Reputation: 43
Whats the best way to summarize data from a file that has around 2 million records in Perl?
For eg: A file like this,
ABC|XYZ|DEF|EGH|100
ABC|XYZ|DEF|FGH|200
SDF|GHT|WWW|RTY|1000
SDF|GHT|WWW|TYU|2000
Needs to be summarized on the first 3 columns like this,
ABC|XYZ|DEF|300
SDF|GHT|WWW|3000
Chris
Upvotes: 4
Views: 1203
Reputation: 29844
1-2-3-4 I declare A CODE-GOLF WAR!!! (Okay, a reasonably readable code-golf dust-up.)
my %sums;
m/([^|]+\|[^|]+\|[^|]+).*?\|(\d+)/ and $sums{ $1 } += $2 while <>;
print join( "\n", ( map { "$_|$sums{$_}" } sort keys %sums ), '' );
Upvotes: 0
Reputation: 14
Sort to put all records with the same first 3 triplets next to each other. Iterate through and kick out a subtotal when a different set of triplets appears.
$prevKey="";
$subtotal=0;
open(INPUTFILE, "<$inFile");
@lines=<INPUTFILE>;
close (INPUTFILE);
open(OUTFILE, ">$outFile");
@sorted=sort(@lines);
foreach $line(@lines){
@parts=split(/\|/g, $line);
$value=pop(@parts);
$value-=0; #coerce string to a number
$key=$parts[0]."|".$parts[1]."|".$parts[2];
if($key ne $prevKey){
print OUTFILE "$prevKey|$subtotal\n";
$prevKey=$key;
$subtotal=0;
}
$subtotal+=$value;
}
close(OUTFILE);
If sorting 2 million chokes your box then you may have to put each record into a file based on the group and then do the subtotal for each file.
Upvotes: -1
Reputation: 26086
Presuming your input file has its records in separate lines.

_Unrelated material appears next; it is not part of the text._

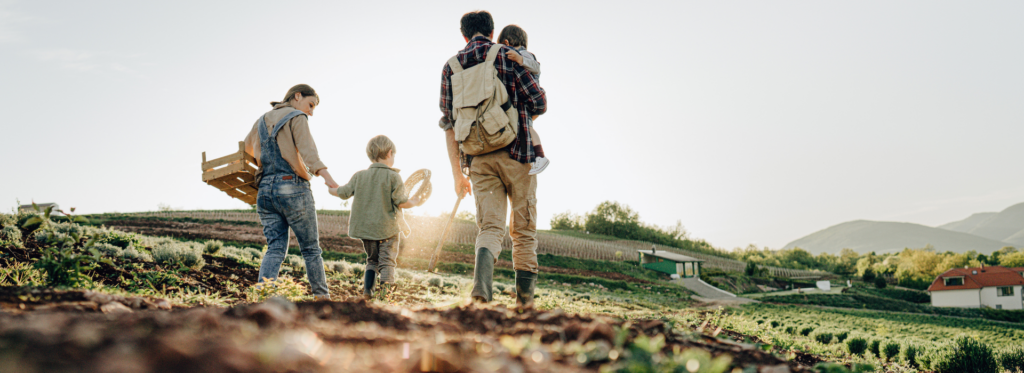 A family walking together on farmland, symbolizing generational wealth transfer.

perl -n -e 'chomp;@a=split/\|/;$h{join"|",splice@a,0,3}+=pop@a;END{print map{"$_: $h{$_}\n"}keys%h}' < inputfile
Upvotes: 0
Reputation: 46183
Assuming there are always five columns, the fifth of which is numeric, and you always want the first three columns to be the key...
use warnings;
use strict;
my %totals_hash;
while (<>)
{
chomp;
my @cols = split /\|/;
my $key = join '|', @cols[0..2];
$totals_hash{$key} += $cols[4];
}
foreach (sort keys %totals_hash)
{
print $_, '|', $totals_hash{$_}, "\n";
}
Upvotes: 3
Reputation: 454930
You can use a hash as:
my %hash;
while (<DATA>) {
chomp;
my @tmp = split/\|/; # split each line on |
my $value = pop @tmp; # last ele is the value
pop @tmp; # pop unwanted entry
my $key = join '|',@tmp; # join the remaining ele to form key
$hash{$key} += $value; # add value for this key
}
# print hash key-values.
for(sort keys %hash) {
print $_ . '|'.$hash{$_}."\n";
}
Upvotes: 2